■ **HOW TO COMPLETE THIS TASK**
Exactly what is written in the records below should be returned, minus the images.

[Short text fragments from websites]

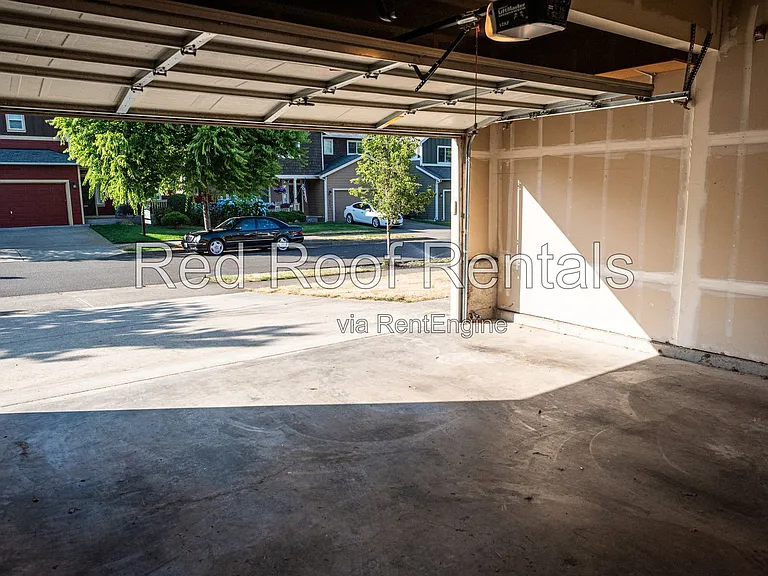 1441 Farina Loop SE — Photo 48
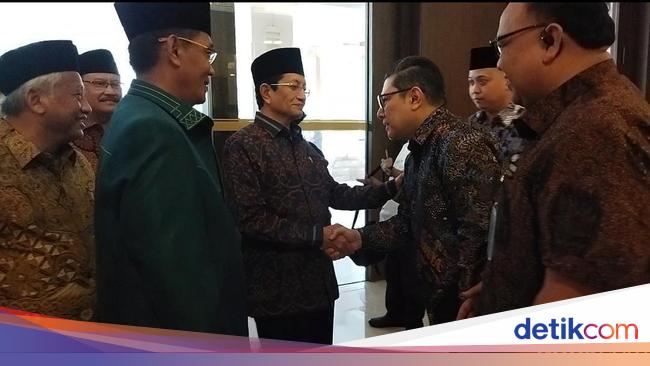 Jajaran Menteri Kabinet Merah Putih Tiba di Sarasehan Ulama NU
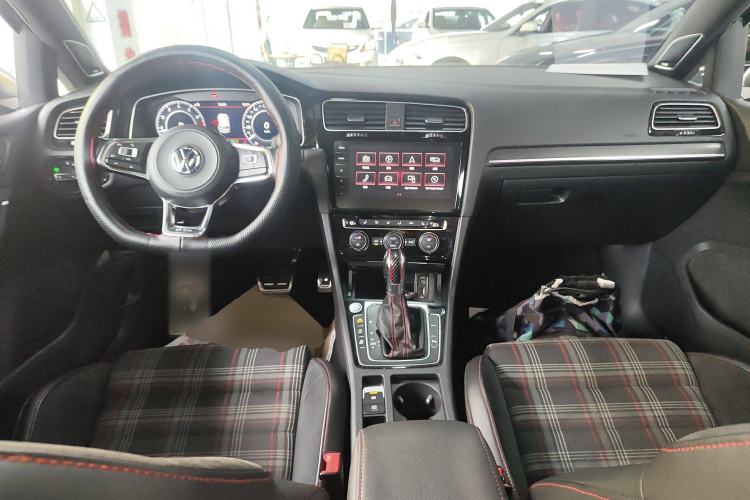 Used Volkswagen Golf GTI 2018 2.0 TSI GTI Center Console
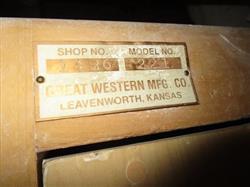 Image GREAT WESTERN MFG. CO. Box Type Tru-Balance Sifter - Model  221/222 - 14 from Bid-on-Equipment.com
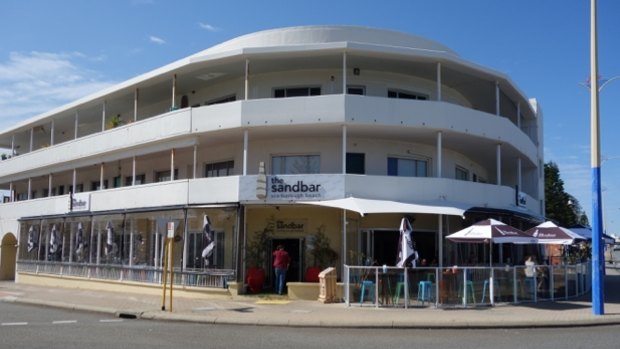 Sandbar has a prime pozzie across the road from the beach at Scarborough.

■ **EXERCISE RESULT**
 1441 Farina Loop SE — Photo 48
 Jajaran Menteri Kabinet Merah Putih Tiba di Sarasehan Ulama NU
 Used Volkswagen Golf GTI 2018 2.0 TSI GTI Center Console
 Image GREAT WESTERN MFG. CO. Box Type Tru-Balance Sifter - Model  221/222 - 14 from Bid-on-Equipment.com
 Sandbar has a prime pozzie across the road from the beach at Scarborough.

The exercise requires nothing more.